- **Data provided**
────────────────────────────────────────
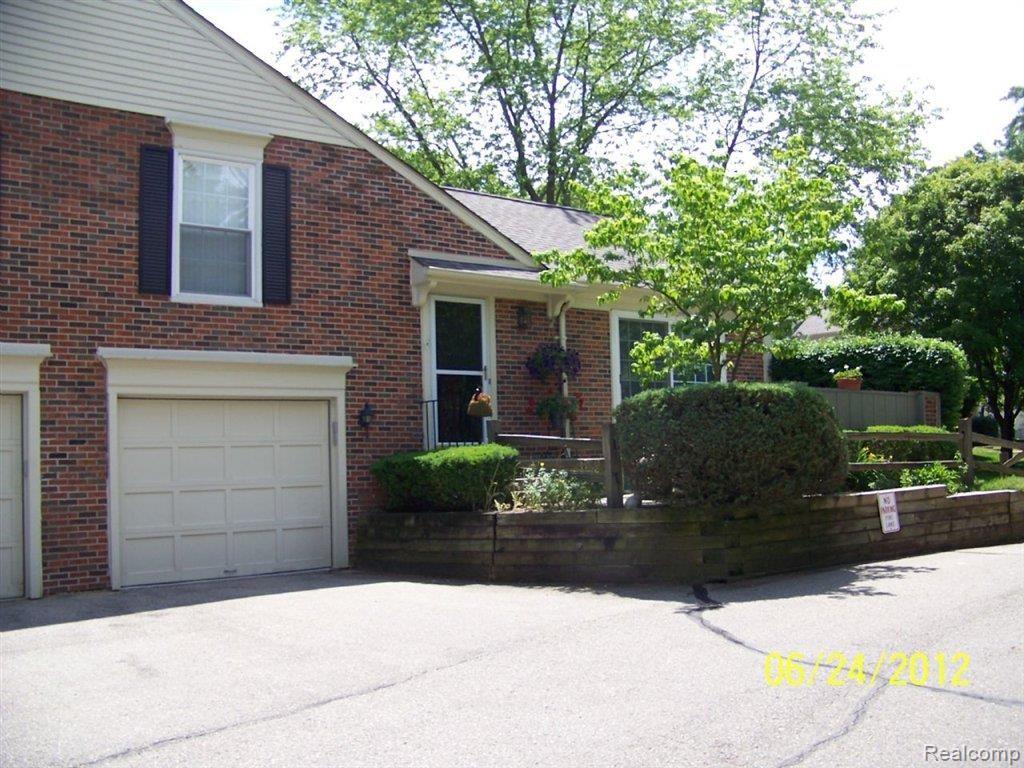 1493 Carriage Lane, Unit 16 Rochester, MI 48306 - Photo 11 of 11 19.jpg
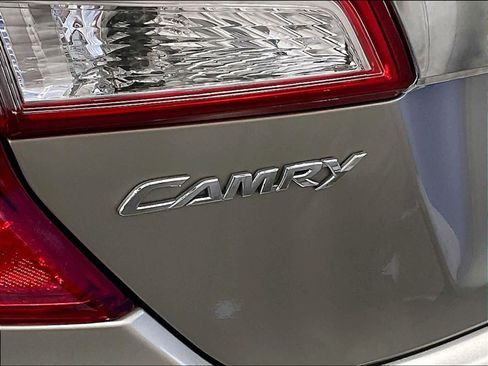 Used 2013 Toyota Camry XLE image 29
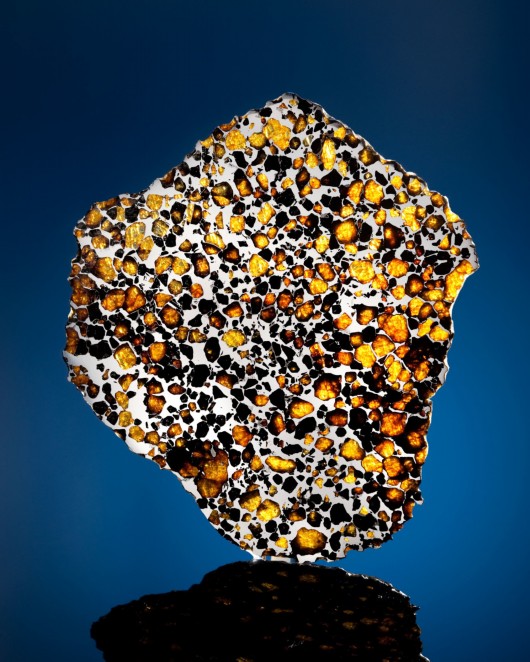 富豪拍賣會“新寵”：太空隕石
────────────────────────────────────────
- **About this task**
Please retype the material above exactly, and omit its images.

- **Finished task**
 1493 Carriage Lane, Unit 16 Rochester, MI 48306 - Photo 11 of 11 19.jpg
 Used 2013 Toyota Camry XLE image 29
 富豪拍賣會“新寵”：太空隕石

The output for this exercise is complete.